Le féminicide n’est pas toujours synonyme de misogynie

L’auteure et philosophe Griet Vandermassen publie toutes les deux semaines une chronique dans le quotidien De Standaard.

Temps de lecture : 3 minutes Crédit photo :

Photo by Eric Ward on Unsplash

Auteur⸱e
Virginie Dupont
Traductrice Virginie Dupont

La Belgique va enfin collecter des données statistiques sur le nombre de féminicides et de victimes de meurtre au sein d’une relation de couple. Les femmes sont les principales concernées. On dénombre en moyenne 30 féminicides par an, selon un collectif féministe qui les recense dans notre pays depuis 2017. Ainsi, tous les 12 jours, une femme meurt chez nous sous les coups de son (ex-)partenaire.

La violence mortelle à l’égard des femmes constitue un problème mondial. La féministe sud-africaine Diana Russell a introduit en 1976 le mot-valise « féminicide ». Ce terme a fait une percée internationale, de même que l’interprétation donnée par son autrice : un crime de haine contre les femmes. Il s’agit de « la forme la plus extrême de la violence à l’égard des femmes : le meurtre de femmes parce qu’elles sont des femmes », écrit le Conseil des femmes dans son dossier sur le sujet. Cette définition ne cessera jamais de m’étonner. Si « être une femme » était le mobile principal, les hommes choisiraient leurs victimes au hasard et continueraient de tuer. Une explication en termes de misogynie ou de sexisme structurel ne permet pas de détecter les facteurs de risque. Quelles femmes risquent le plus d’être tuées par leur partenaire ? C’est la perspective laissée à notre appréciation.
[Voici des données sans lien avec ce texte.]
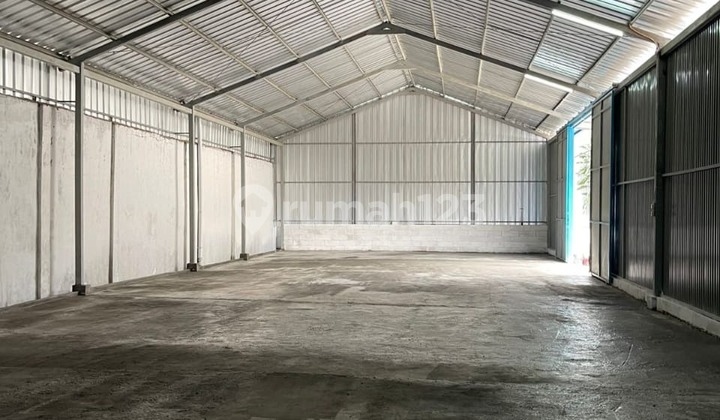 Ready-to-Use Warehouse with Container Access in Kiara Condong Area Ready-to-Use Warehouse with Container Access in Kiara Condong Area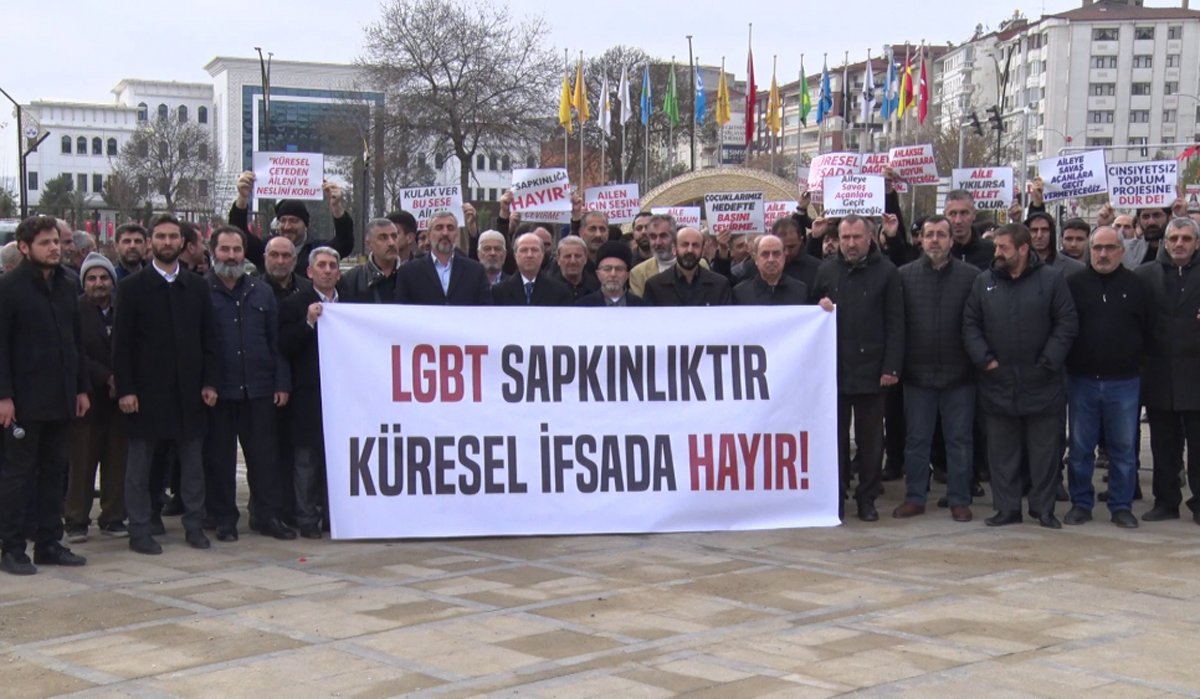 Elazığ Cumhuriyet Meydanı’nda LGBTİ+ düşmanı miting | Kaos GL - LGBTİ+ Haber Portalı Haber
Interpréter d’office le féminicide comme une manifestation de misogynie est aussi simpliste que de voir une marque de misandrie dans la violence mortelle entre les hommes. Dans le monde entier, les deux genres sont victimes de manière disproportionnée de certaines formes de violence. Le meurtre dans un contexte romantique touche surtout les femmes, alors que l’homicide involontaire commis par un partenaire sexuel concerne avant tout les hommes. Ce constat nous indique seulement que la violence a une dimension de genre. Il ne nous informe pas sur ses causes.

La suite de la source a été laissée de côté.